Now the output process needs to return a SimpleXML object with the newest x items.
The easiest way would be to scoop the first 20 entries from the XML store ut this would only work if the newest records were at the top. SimpleXML appends new entries at the end of the space and so this does not work.
So the next option would be to scoop the last 20 although I can not currently conceive of anything that might do this efficiently.
The ideal solution would not care if the data was unsorted but this is not going to happen as some maintenance or index is needed for simplicity of data fetching (the same reason SQL databases have indexes).
At all costs I want to avoid doing a foreach through the entire collection as this will eventually kill any server as the file gets bigger and the output more popular.
As a secondary factor I am sure that I will want to "page" through the "archives".
So I need a logically sound pattern (and some pointers as to how I can implement the fellow) for storing and retrieving from such a store.
To use MySQL would solve these problems as they are already solved in MySQL but this makes demands of the final implementation I am not happy with. The ideal of this being that we have a specification for the process and display but it could be created in any language and in the future replaced with ease if the next maintainer feels Ruby on Rails or whatever is the way to go forward.
So it has to be XML. It has to be efficient even with big files and it has to be simple enough for me to understand.
I plan to create a Factory singleton that will maintain a cache of the each stream specific API class. However, a web site is multi threaded (each child process could be running the same code) so this is only so much use. Therefore I need to work out exact rules for the API class for read and write that would allow multiple threads to not bum out the system with identical dates or dates out of order...
I considered a once a minute cron to take from a buffer file and as a virtual single threaded singleton write to the store but this is overly complex and opens up a whole new can of possible problems. I need to create a plan for a data format and read-write method that plays well with other instances.
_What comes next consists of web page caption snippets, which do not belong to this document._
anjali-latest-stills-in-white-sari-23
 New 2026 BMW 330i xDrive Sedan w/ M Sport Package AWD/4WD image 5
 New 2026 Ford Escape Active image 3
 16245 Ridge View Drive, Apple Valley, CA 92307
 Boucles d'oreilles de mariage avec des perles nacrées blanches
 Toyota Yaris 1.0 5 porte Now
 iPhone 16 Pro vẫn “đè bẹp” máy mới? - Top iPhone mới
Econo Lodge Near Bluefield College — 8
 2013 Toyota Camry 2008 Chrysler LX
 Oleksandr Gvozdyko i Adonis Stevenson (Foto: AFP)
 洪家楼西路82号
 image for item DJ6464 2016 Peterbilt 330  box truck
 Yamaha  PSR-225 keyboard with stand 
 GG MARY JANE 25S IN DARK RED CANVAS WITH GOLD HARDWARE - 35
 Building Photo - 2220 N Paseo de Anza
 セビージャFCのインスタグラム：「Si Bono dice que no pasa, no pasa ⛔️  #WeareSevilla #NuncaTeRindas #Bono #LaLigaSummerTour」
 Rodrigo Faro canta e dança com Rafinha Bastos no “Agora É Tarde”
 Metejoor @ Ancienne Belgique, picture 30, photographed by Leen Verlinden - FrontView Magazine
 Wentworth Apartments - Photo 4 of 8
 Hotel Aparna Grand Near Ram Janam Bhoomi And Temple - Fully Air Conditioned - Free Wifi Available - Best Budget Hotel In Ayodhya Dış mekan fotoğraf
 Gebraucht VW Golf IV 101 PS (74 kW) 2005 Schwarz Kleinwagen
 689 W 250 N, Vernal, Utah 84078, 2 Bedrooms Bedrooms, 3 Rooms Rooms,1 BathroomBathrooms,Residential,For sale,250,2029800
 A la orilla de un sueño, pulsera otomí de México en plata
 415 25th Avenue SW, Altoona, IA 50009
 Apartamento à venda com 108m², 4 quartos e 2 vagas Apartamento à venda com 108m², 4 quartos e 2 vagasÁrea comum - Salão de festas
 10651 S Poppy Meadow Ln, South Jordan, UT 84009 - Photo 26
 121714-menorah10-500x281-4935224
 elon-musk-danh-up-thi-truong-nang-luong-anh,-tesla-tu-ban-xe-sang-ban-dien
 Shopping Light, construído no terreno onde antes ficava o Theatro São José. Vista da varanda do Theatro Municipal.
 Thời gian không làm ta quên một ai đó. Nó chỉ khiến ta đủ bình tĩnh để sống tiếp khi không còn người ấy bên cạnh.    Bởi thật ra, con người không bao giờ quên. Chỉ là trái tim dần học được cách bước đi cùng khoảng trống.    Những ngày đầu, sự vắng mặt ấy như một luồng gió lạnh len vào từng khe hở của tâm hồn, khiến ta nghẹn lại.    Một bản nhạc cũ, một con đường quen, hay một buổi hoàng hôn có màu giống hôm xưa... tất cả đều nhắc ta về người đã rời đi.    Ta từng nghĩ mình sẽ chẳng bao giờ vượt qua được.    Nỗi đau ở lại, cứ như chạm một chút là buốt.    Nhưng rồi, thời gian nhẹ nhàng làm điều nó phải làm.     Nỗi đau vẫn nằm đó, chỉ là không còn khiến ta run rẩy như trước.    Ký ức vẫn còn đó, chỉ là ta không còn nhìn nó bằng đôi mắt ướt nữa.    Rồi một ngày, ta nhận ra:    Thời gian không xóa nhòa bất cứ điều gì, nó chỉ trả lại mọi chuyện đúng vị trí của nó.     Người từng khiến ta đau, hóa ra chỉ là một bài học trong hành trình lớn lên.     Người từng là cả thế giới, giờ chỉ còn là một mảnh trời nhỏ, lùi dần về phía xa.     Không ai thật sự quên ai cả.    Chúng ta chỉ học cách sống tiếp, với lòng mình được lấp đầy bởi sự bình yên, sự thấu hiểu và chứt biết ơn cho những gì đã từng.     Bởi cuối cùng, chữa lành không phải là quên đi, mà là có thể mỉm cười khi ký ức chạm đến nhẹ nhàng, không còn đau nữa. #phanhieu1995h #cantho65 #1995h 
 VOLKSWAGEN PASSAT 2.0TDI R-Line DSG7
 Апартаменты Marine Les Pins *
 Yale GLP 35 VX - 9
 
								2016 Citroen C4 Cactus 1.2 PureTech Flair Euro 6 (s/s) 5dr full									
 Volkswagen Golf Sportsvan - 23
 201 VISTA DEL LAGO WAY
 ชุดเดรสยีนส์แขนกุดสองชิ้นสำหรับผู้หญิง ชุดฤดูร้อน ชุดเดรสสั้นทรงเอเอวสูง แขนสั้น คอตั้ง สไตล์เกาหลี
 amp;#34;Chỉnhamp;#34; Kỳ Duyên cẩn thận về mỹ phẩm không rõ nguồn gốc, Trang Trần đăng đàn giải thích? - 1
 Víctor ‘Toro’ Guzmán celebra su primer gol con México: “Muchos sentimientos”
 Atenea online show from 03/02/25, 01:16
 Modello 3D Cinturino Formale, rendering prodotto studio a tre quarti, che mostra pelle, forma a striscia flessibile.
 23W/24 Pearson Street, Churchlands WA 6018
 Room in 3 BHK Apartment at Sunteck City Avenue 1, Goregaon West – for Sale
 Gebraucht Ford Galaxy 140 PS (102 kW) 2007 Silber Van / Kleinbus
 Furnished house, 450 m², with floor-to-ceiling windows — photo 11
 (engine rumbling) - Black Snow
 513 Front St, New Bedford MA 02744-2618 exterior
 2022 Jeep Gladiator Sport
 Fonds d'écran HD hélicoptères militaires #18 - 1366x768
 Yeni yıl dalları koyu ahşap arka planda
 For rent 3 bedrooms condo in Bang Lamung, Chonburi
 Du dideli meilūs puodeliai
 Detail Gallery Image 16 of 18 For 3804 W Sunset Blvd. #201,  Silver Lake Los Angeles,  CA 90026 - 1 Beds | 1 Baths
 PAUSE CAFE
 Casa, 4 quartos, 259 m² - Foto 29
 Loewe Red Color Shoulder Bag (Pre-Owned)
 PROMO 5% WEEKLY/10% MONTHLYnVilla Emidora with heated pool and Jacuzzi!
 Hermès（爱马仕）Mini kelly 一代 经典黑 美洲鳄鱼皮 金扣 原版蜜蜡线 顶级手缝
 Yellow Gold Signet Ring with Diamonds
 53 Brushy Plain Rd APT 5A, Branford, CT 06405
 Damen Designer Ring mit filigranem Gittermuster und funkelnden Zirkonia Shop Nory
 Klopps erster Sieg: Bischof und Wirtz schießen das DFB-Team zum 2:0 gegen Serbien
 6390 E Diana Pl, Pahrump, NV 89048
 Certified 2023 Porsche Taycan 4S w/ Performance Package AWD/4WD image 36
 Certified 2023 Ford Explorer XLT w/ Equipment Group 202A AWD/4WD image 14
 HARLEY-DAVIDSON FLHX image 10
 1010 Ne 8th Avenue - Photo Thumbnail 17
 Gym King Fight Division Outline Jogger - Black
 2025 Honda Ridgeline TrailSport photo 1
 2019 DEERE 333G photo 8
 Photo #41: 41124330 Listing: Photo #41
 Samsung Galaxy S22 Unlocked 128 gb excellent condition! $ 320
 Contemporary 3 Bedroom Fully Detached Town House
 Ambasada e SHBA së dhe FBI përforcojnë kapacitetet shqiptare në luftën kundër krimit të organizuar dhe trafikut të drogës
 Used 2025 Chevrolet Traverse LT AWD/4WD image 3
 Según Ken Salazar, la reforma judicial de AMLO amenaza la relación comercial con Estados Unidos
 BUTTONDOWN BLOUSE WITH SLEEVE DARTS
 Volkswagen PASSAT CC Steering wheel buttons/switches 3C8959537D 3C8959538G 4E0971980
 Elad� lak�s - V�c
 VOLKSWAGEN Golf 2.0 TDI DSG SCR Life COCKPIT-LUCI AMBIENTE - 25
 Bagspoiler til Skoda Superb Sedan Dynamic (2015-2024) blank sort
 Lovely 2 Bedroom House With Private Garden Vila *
I considered file locking but don't know much about it enough to use for sanity and to be honest aside from identical date-time ID there should be no issue that requires this. However...
So the read write process also needs sanity checks.
I'm not looking for complete solutions but I do need to form a sound plan to work from with the potential problems mitigated or avoided in theory at least.
I'm shooting for stable and reliable even if lots of random developers of different skills start making calls to the API class
That's why this question is getting top points possible - I need a solid working plan.